So, I will complete the problem by manually checking which candidate values of $~x~$ correspond to the candidate value of $~y = 6,~$ and then I will manually check whether the corresponding line segment $~\overline{(x,6) ~(0,-2)}~$ is in fact tangent to the hyperbola at the point $~(x,6).$

$$y = 6 \implies x^2 = 36 + [ ~3 \times (36) ~] = 144 = 12^2.$$

Therefore, the two candidate points to examine are :

• $(x,y) = (12,6) \implies y' = \dfrac{x}{3y} = \dfrac{2}{3}.$
  
  Then the slope of the line $~\overline{(12,6) ~(0,-2)}~$ is $~\dfrac{8}{12} = \dfrac{2}{3}.~$
  
  The candidate value of $~(12,6)~$ is accepted.
  
  

• $(x,y) = (-12,6) \implies y' = \dfrac{x}{3y} = \dfrac{-2}{3}.$
  
  Then the slope of the line $~\overline{(-12,6) ~(0,-2)}~$ is $~\dfrac{8}{-12} = \dfrac{-2}{3}.~$
  
  The candidate value of $~(-12,6)~$ is accepted.

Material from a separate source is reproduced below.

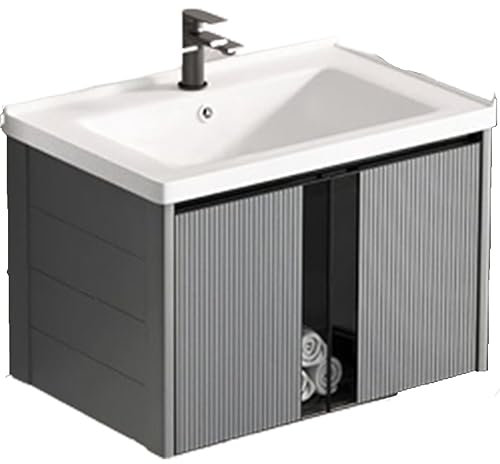 CASEGO Hanging Household Bathroom Cabinet Ceramic Integrated Basin Double Door Locker Multifunctional Washbasin Cabinet Combination (light gray 60CM)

Therefore, the two tangent lines are
$\overline{(12,6) ~(0,-2)}~$ and $~\overline{(-12,6) ~(0,-2)}.$

Answer 3

Yet another solution: the polar of $A$ is $0\cdot x-3\cdot(-2)\cdot y = 36$, that is $y=6$ from where the points of tangency, namely $(\pm12,6)$ are easily calculated.